Even now, there are still young women who will get their first period today and have no idea what’s happening to their bodies when they do, let alone have access to period products. And that’s really no longer acceptable, in fact it gets us all riled up. ohne was born out of a passion for women’s health, all women – because, after all, we’re in this together. So we’re channeling our anger positively, towards making a change.
Revolutionising period management in low-income areas is not just about the availability of menstrual health products (unfortunately) – so we’ll never merely distribute disposable products. It’s about a whole lot more – affordability, a lack of sufficient information, ongoing social and hygiene taboos, a shortage of clean water and adequate sanitation, as well as waste disposal facilities.

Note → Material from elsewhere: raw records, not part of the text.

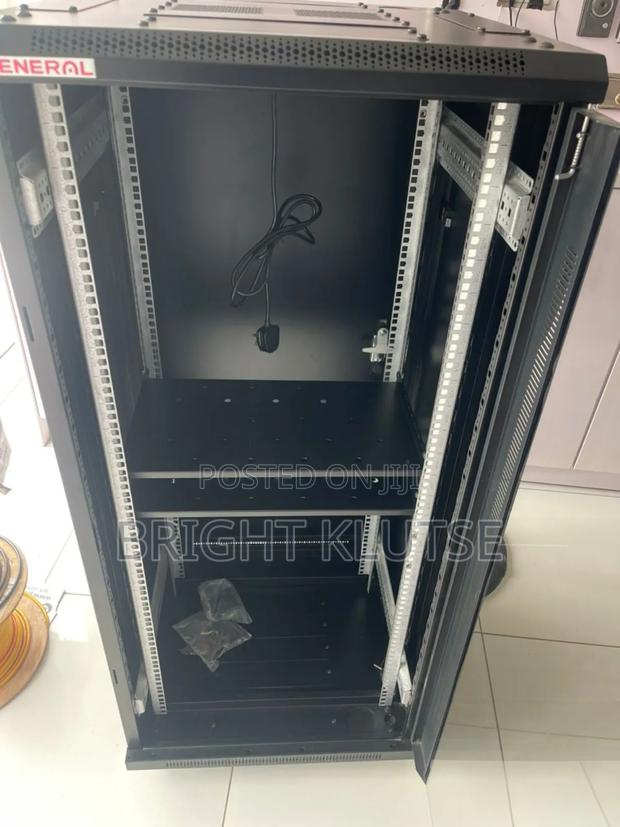 27u Rack 600 X 600 photo 2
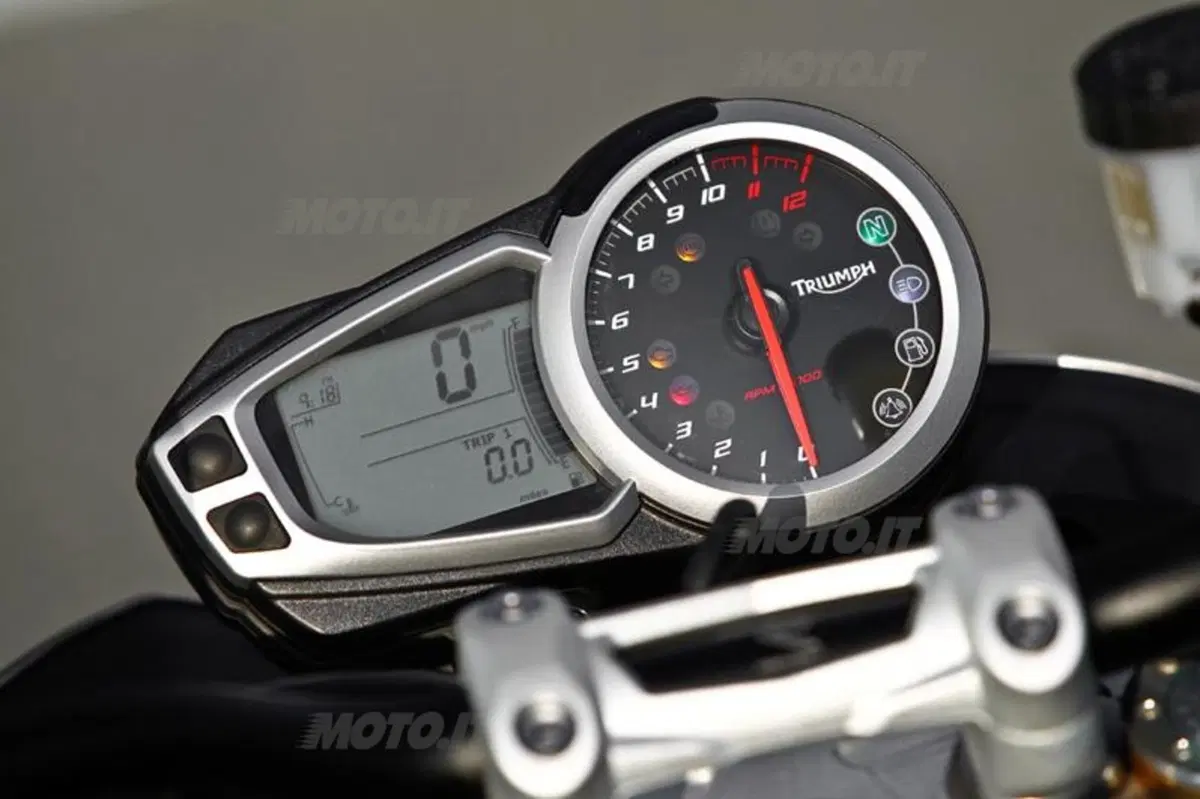 Triumph Speed Triple 1050 R  (76)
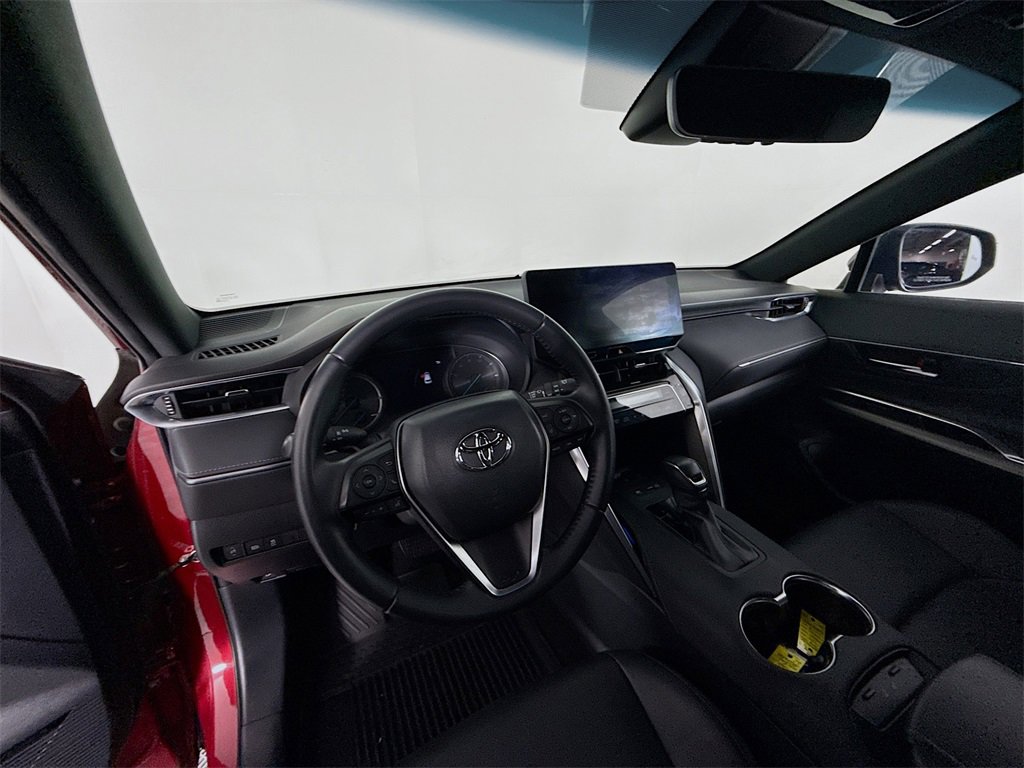 Used 2023 Toyota Venza Nightshade image 4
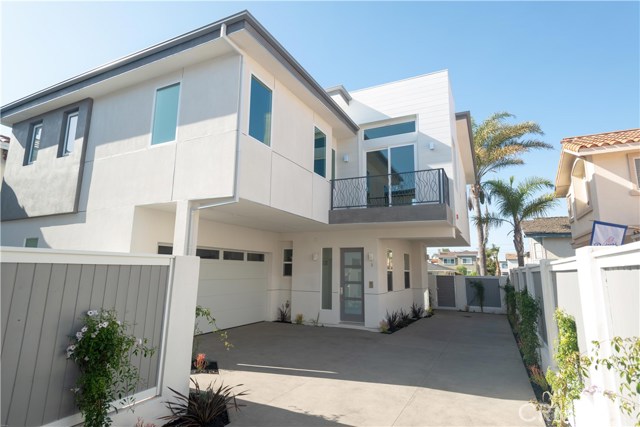 2013 Voorhees Avenue, Redondo Beach, California 90278, 4 Bedrooms Bedrooms, ,3 BathroomsBathrooms,Residential,Sold,Voorhees,SB18083420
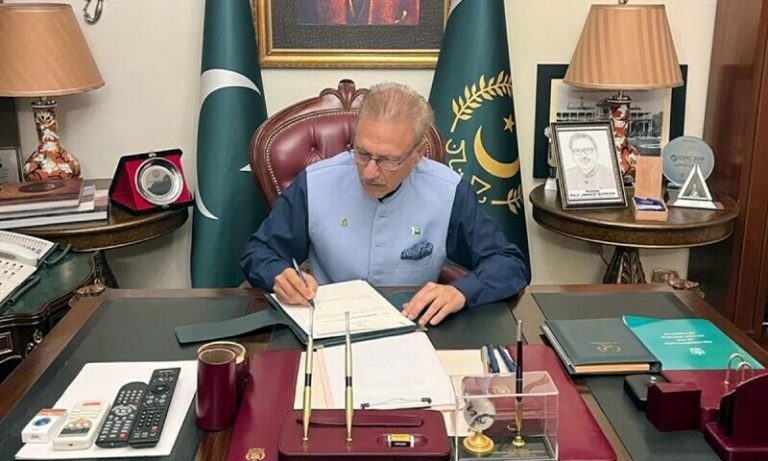 Pakistan’s economy hits rock bottom, but President Alvi focuses on increasing his salary, complains that Chief Justice is getting more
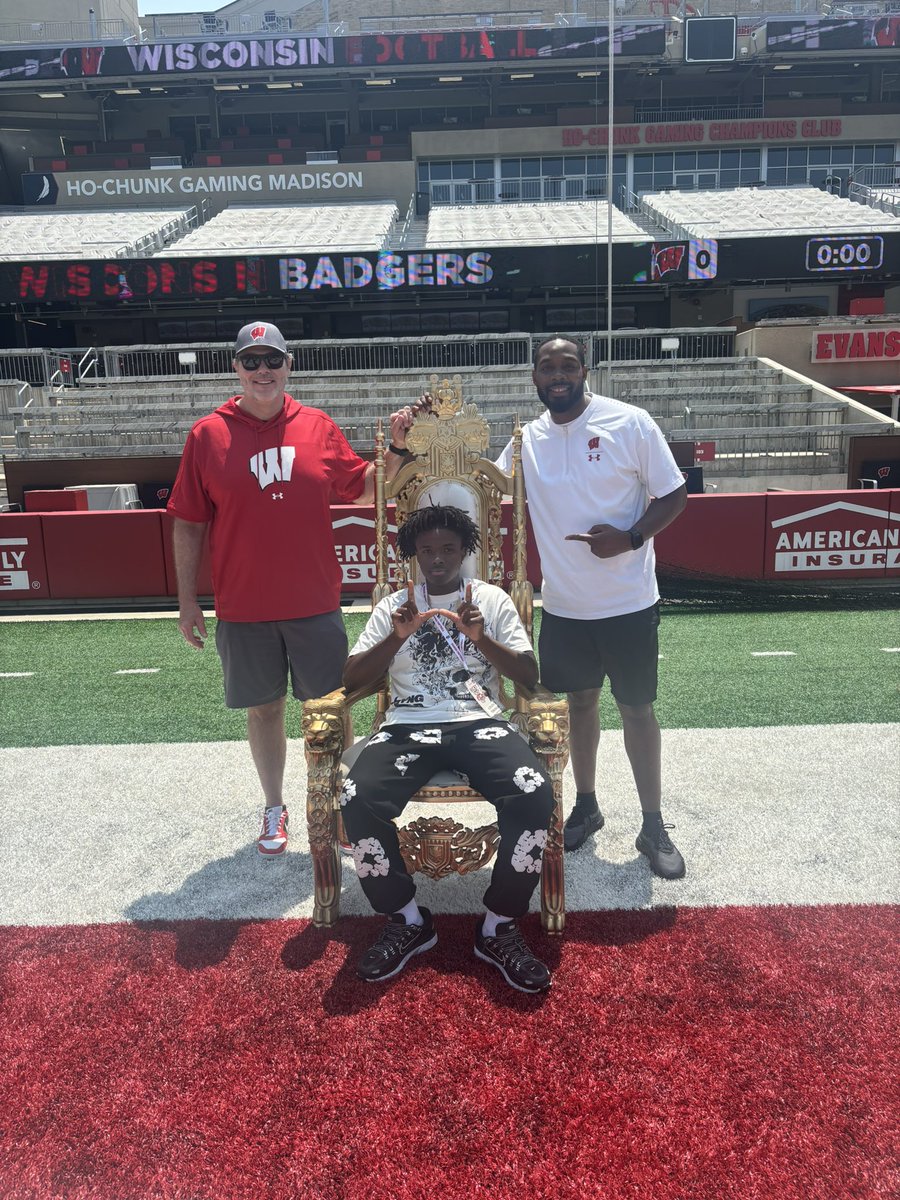 “What I liked the most was just how down to Earth the staff is. They made it feel like home, especially for it being my first time out here.”

2027 standout QB Chance Thomas has very positive first visit to Madison #Badgers

STORY:

247sports.com/college/wiscon…
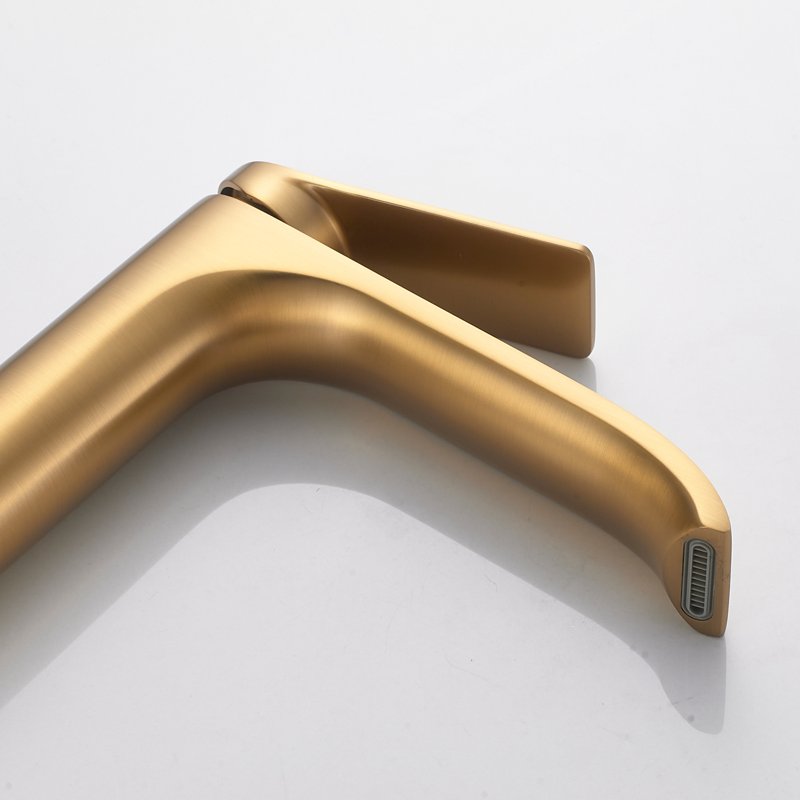 Смеситель для раковины высокий Shevanik S4111G, золотой сатин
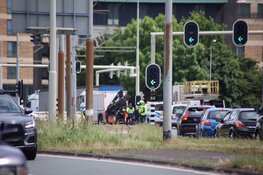 Tram in Amsterdam Nieuw-West ontspoord door ongeval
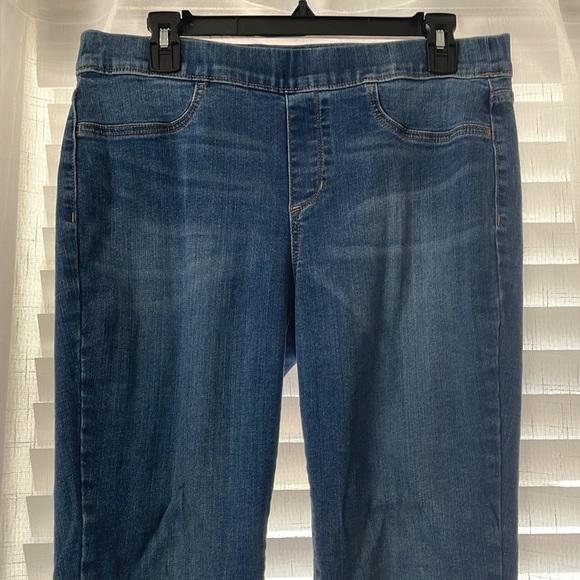 Ana pull-on jeans - Picture 2 of 4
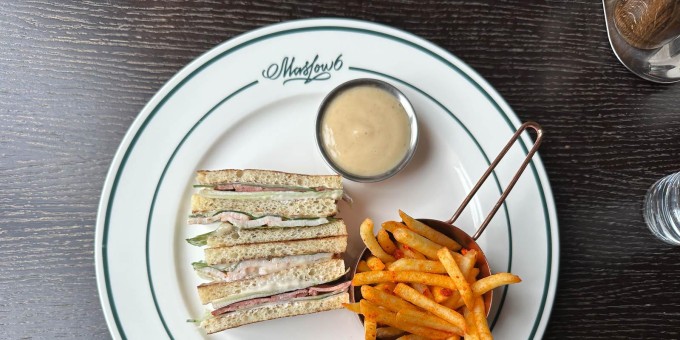 Где в Минске съесть на завтрак самый лучший клаб-сэндвич от 13,50 до 30 рублей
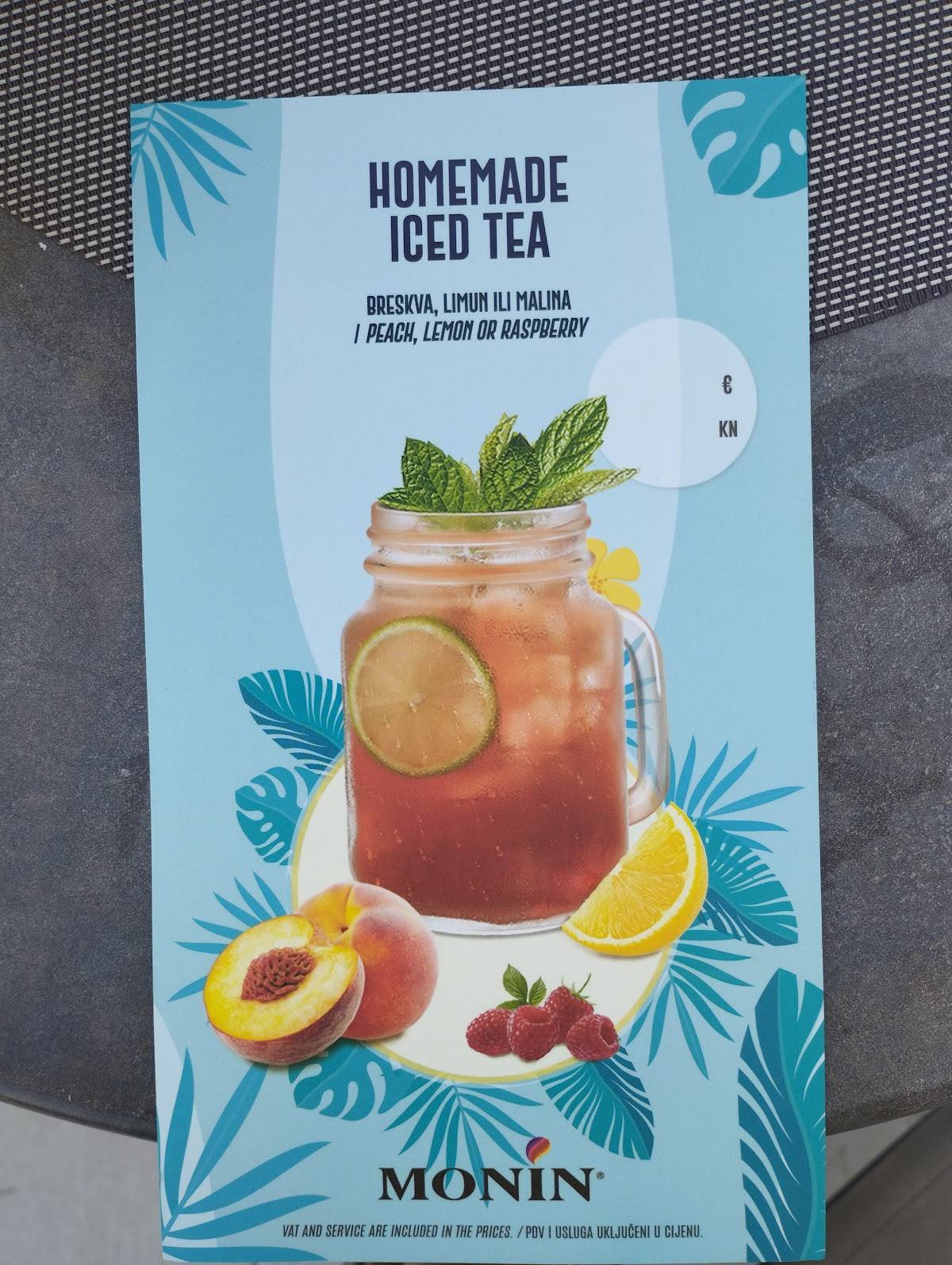 Menu di Triton Restaurant and Lounge Bar 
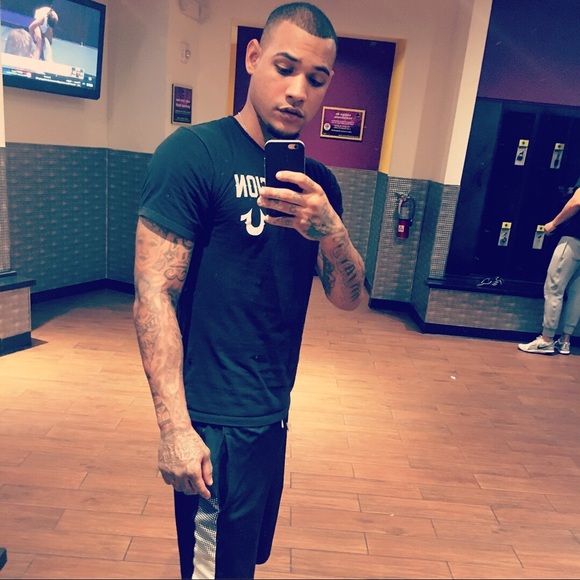 Meet your Posher, Rolando - Picture 1 of 1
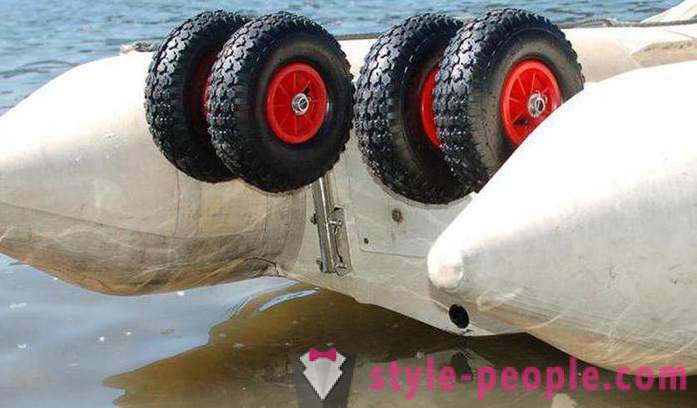 Hur akterspegel hjul för PVC-båtar med sina händer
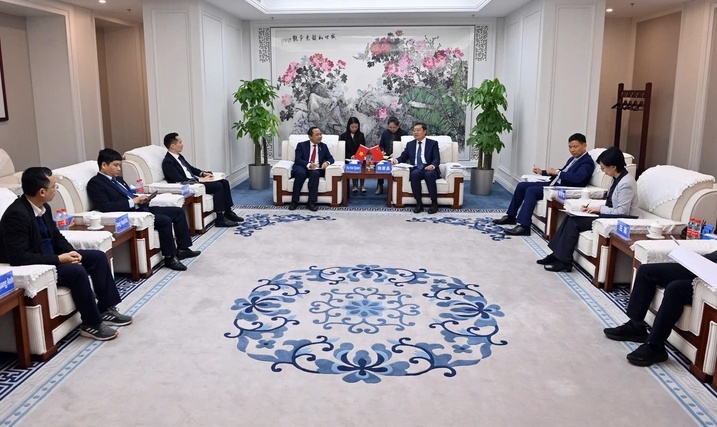 Vietnam and China to boost joint research and high-tech training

No doubt you already know that the ohne team are big on shakin’ up change, but fundamentally it’s about making a long-term and sustainable difference, and we believe in supporting a grassroots social enterprise that recognises the need to work in partnership with local communities. The School Club Zambia uses a unique three-tiered approach to support girls to reach their full potential so that they can succeed in their communities and beyond.
So here’s how it works…
SCZ puts girls’ voices at the centre of change, which not only makes it a more effective programme, but one that champions confidence and self-worth, and we think that’s something to be proud of. Their unique programme is the direct result of having asked girls about the biggest challenges they faced, and really listening to which aspects of menstrual health most affected their lives:
1 – Improved hygiene
Girls’ lack of access to a clean, safe toilet, especially during menstruation, perpetuates feelings of risk, shame and fear. When a girl reaches puberty, access to a safe and private toilet can make a real difference to how she experiences her monthly period. Girls need clean water to wash themselves or their menstrual cloths, and the availability of these facilities in schools will make a big difference to whether or not girls come to school during their period. UNESCO estimates that girls’ absenteeism from school each month due to their menstrual cycle is one of the biggest contributors to girls dropping out of school altogether. Not only does this have long-term impacts on women’s education, health, livelihoods and safety, but it also affects the economy as ignoring the sanitation needs of women risks excluding them from the workforce. That’s why SCZ prioritises the construction of new toilet blocks at every school involved in the programme, that not only have separate boys and girls areas, but also have a changing block and waste disposal facilities.
2 – Making reusable pads
Managing menstruation with safety and dignity is a human right, embedded within the right to human dignity, the right to equality, bodily integrity, health and well-being. SCZ conducts workshops that teach girls how to make eco-friendly, reusable sanitary pads out of locally available materials, which means girls can manage their period every month in a sustainable way which doesn’t depend on the ability of their family to purchase disposable period products.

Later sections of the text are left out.